Daily Bulletin Archive

March 14, 2019

Reminder: The file retention period for the GLADE scratch space was increased recently from 60 days to 90 days. Individual files will be removed from scratch automatically when they have not been accessed – read, copied or modified – in more than 90 days. To check a file's last access time, run the command ls -ul <filename>.

The updated retention policy is expected to ease user issues related to managing their data holdings and improve overall file system utilization.

March 11, 2019

Do you have some experience as an HPC system administrator and want to expand your skills? Consider attending Intermediate HPC System Administration, a Linux Clusters Institute workshop scheduled for May 13 to 17 at the University of Oklahoma. The workshop will:

  • Strengthen participants’ overall knowledge of HPC system administration.
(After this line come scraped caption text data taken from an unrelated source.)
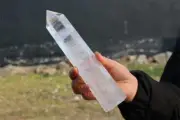 1.76LB Natural Clear Quartz Obelisk Quartz Crystal Point Wand Tower Healing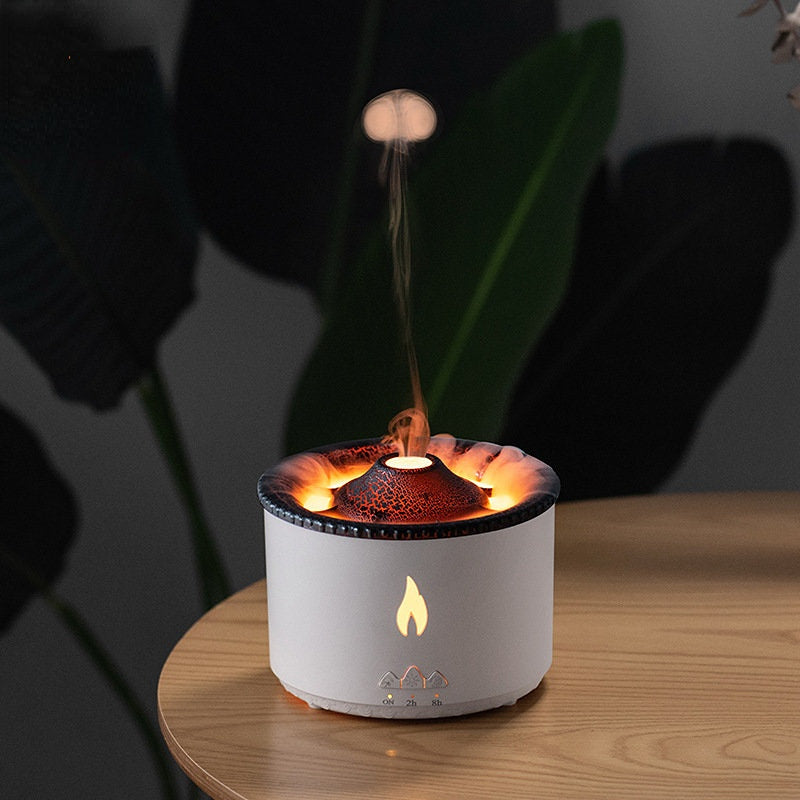 Vulkanflamma Aroma Luftfuktare - Cool Mist Eterisk Olja Diffuser & Luftrenare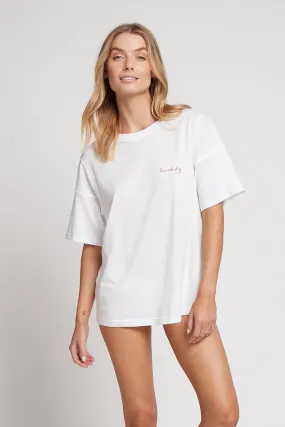 Homebodii Oversized Tencel Womens T-Shirt 'Homebody' - White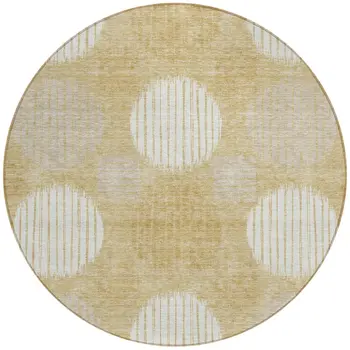 8' Gold Gray And Ivory Round Geometric Washable Indoor Outdoor Area Rug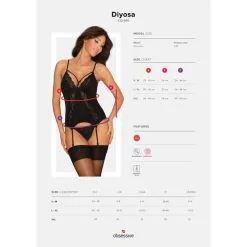 Diyosa Jarretelkorset Met Sexy String - Zwart -Verzorging Winkel Diyosa Jarretelkorset met Sexy String Zwart 3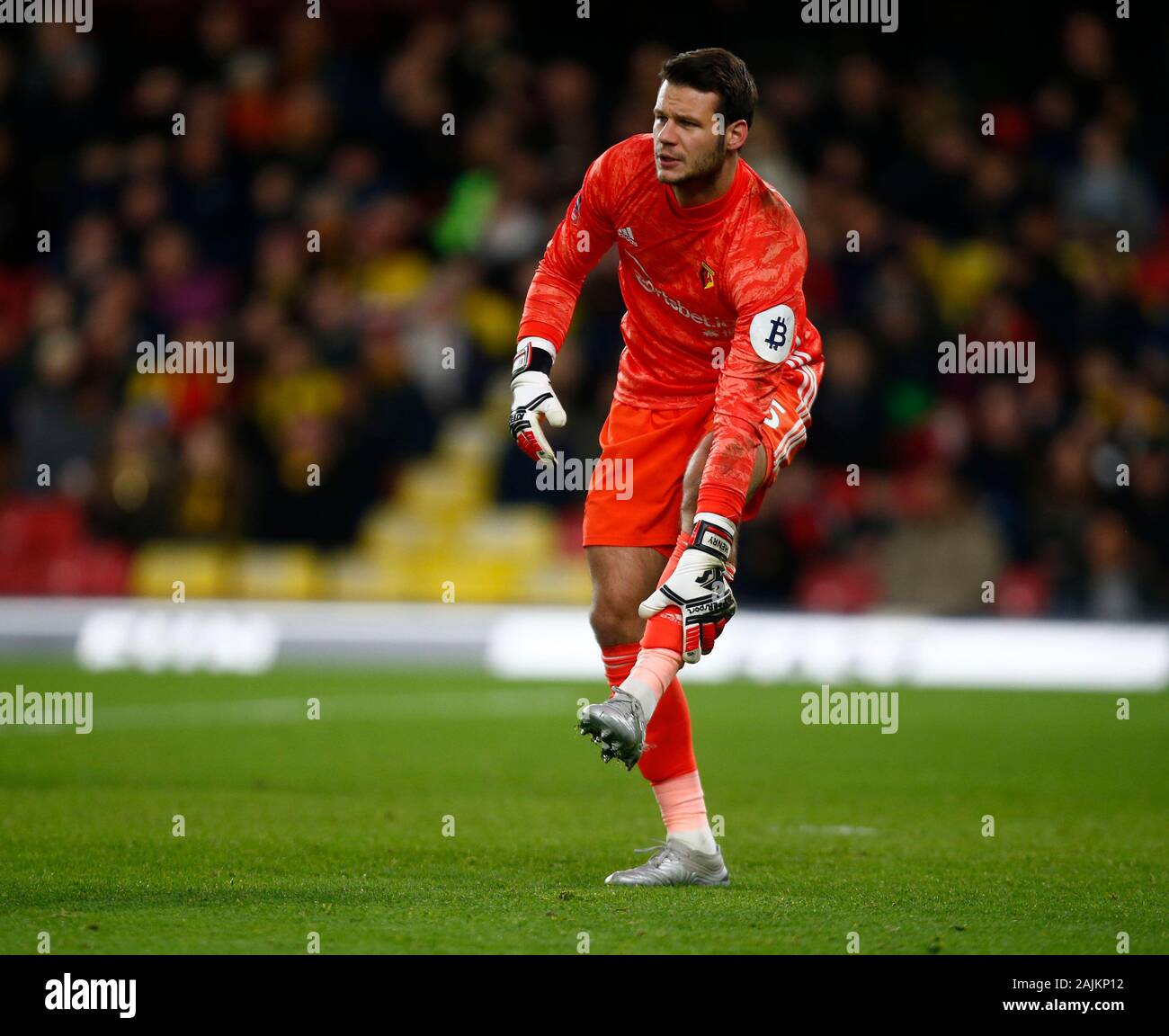 Watford, UK. 04th Jan, 2020. WATFORD, ENGLAND - JANUARY 04: Watford's Daniel Bachmann during Emirates FA Cup Third Round match between Watford and Tranmere Rovers on January 04 2020 at Vicarage Road Stadium, Watford, England. Credit: Action Foto Sport/Alamy Live News Stock Photo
  • Focus in-depth on file systems and storage, HPC networks, job schedulers, and Ceph.

  • Provide hands-on training and real-life stories from experienced HPC administrators.

See the workshop page for more information and registration. Early bird registration ends April 15.

March 11, 2019

No Scheduled downtime: Cheyenne, Casper, Campaign Storage, HPSS and GLADE

March 8, 2019

As a result of this week’s upgrade to the InfiniBand switch firmware, MPT version 2.15 is no longer available and the default MPI on Cheyenne is now MPT 2.16. Users with scripts pointing to MPT 2.15 or executables that have been compiled against MPT 2.15 will need to move to a more recent version of MPT as soon as possible as those scripts and executables will likely fail.
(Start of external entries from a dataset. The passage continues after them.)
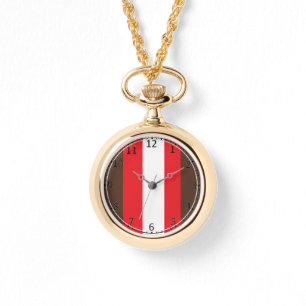 Brown, red and white stripes watch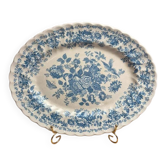 Vintage Myott Meakin oval serving dish – Blue floral and bird design – 38 cm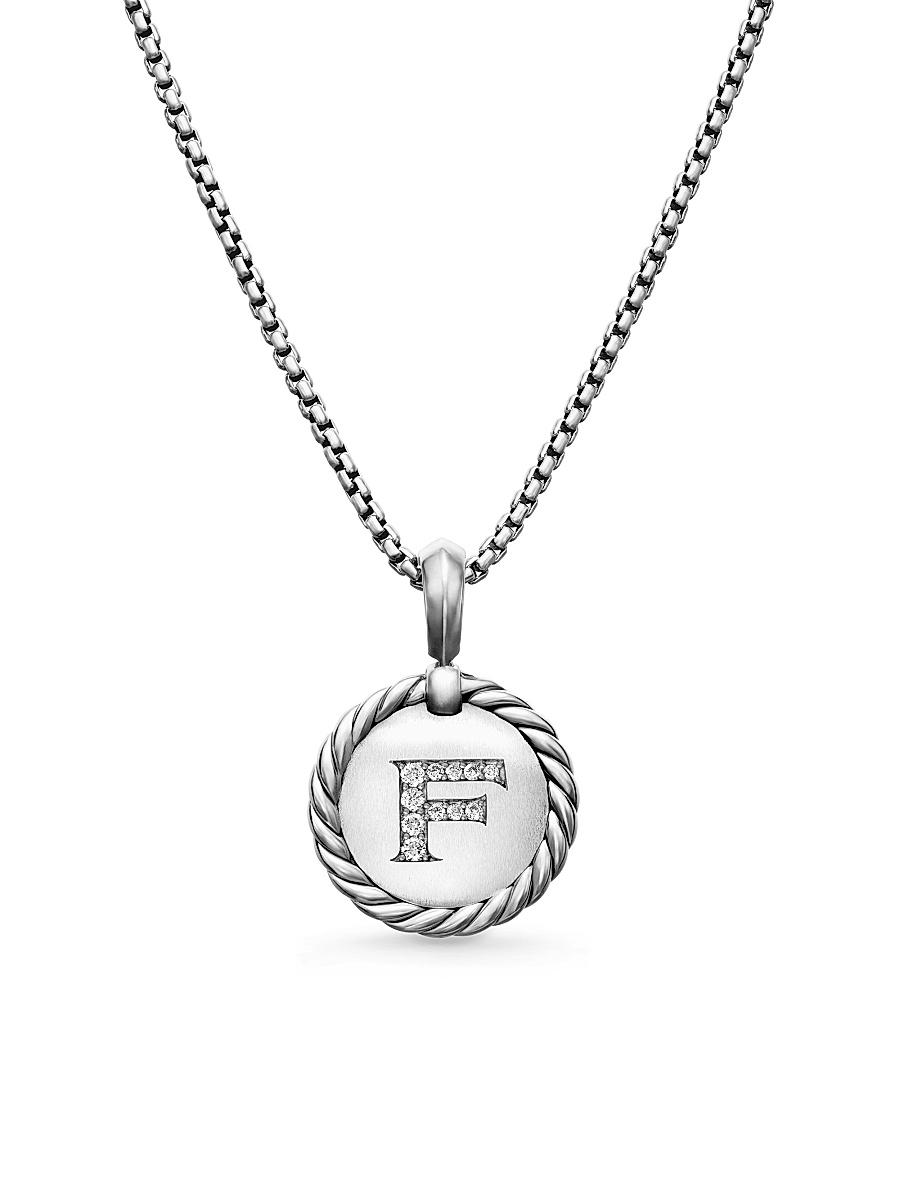 Womens Initial Charm Necklace in Sterling Silver Product Image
The MPT versions currently available on Cheyenne are MPT 2.16, MPT 2.18, and MPT 2.19. CISL recommends that users move to MPT 2.18 or MPT 2.19 as HPE no longer supports MPT 2.16, which will likely be removed from Cheyenne later this year. MPT 2.19 was installed yesterday and the full system software stack will be filled out within the next couple of weeks.

If you need assistance with updating your scripts or executables with a newer MPI, please contact CISL help at cislhelp@ucar.edu or call 303-497-2400.

March 6, 2019

The Cheyenne system's compute nodes remain down as of 9 a.m. today and are unavailable for running batch jobs due to unresolved problems following this week’s scheduled maintenance. HPE has been notified and is working with CISL to return the system to users as soon as possible.

The Cheyenne login nodes, Casper cluster, GLADE file system, NCAR's Campaign Storage, Globus data transfer services, and the High Performance Storage System (HPSS) have been restored to service. Users will be informed by Notifier when the Cheyenne compute nodes are back in service.

March 6, 2019

Do you perform data analysis, post-processing, visualization, GPU computing, or machine learning? If you use the Casper cluster, or wish to use future NCAR/CISL resources to conduct such work, we’d like to get your input by asking you to complete this brief CISL Data Analysis and Visualization User Survey by March 15.

CISL has begun the planning process for the system that will follow the Cheyenne and Casper clusters currently in production in our NWSC data center. Your input will help inform the procurement of resources to support your work in the future.

March 5, 2019

The Women in IT Networking at SC (WINS) program is now accepting applications for the 2019 program. The application deadline is 11:59 p.m. AoE, April 1, 2019. The application form and details are available here.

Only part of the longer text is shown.